INSTRUCTIONS TO FOLLOW
Below are records with pictures in them. Transcribe everything from the line containing "Ajrakh Hand Block Printed Cotton Dupatta" down to the line containing "画师!魔道祖师:韩国画师笔下的众人,景仪是个小可爱,瑶妹今天二米七", exactly, and leave the pictures behind.

*** GIVEN INFORMATION

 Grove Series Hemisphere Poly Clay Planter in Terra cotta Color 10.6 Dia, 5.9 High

******
*** GIVEN INFORMATION

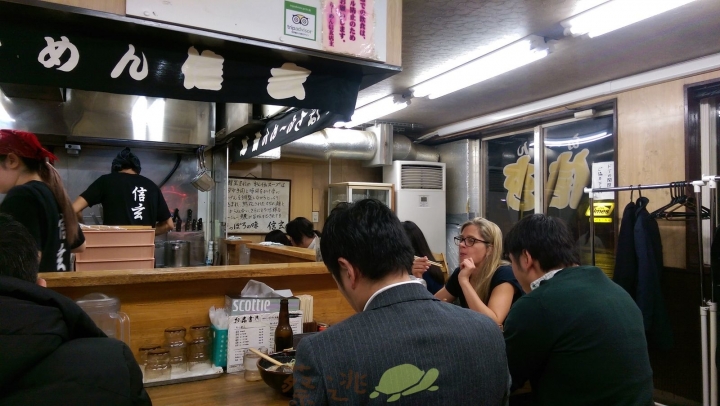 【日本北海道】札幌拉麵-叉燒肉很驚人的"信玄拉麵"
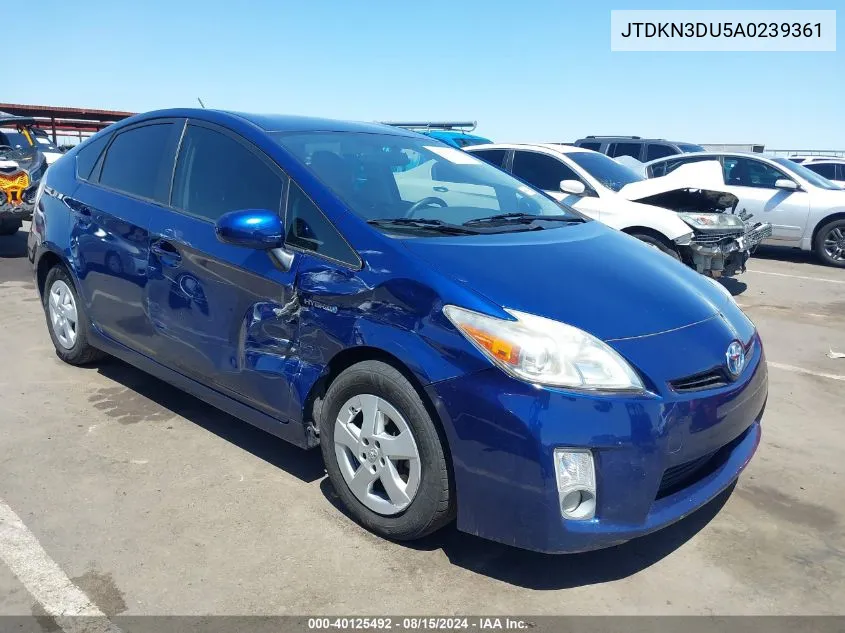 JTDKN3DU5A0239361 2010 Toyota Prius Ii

******
*** GIVEN INFORMATION

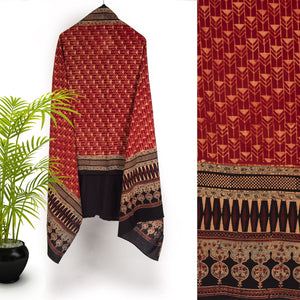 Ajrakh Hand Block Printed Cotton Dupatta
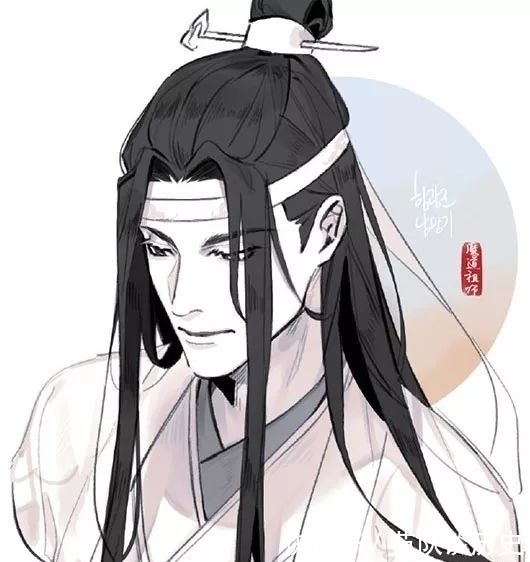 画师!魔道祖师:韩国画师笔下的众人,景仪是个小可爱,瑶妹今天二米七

******

RESPONSE FOR THIS EXERCISE
 Ajrakh Hand Block Printed Cotton Dupatta
 画师!魔道祖师:韩国画师笔下的众人,景仪是个小可爱,瑶妹今天二米七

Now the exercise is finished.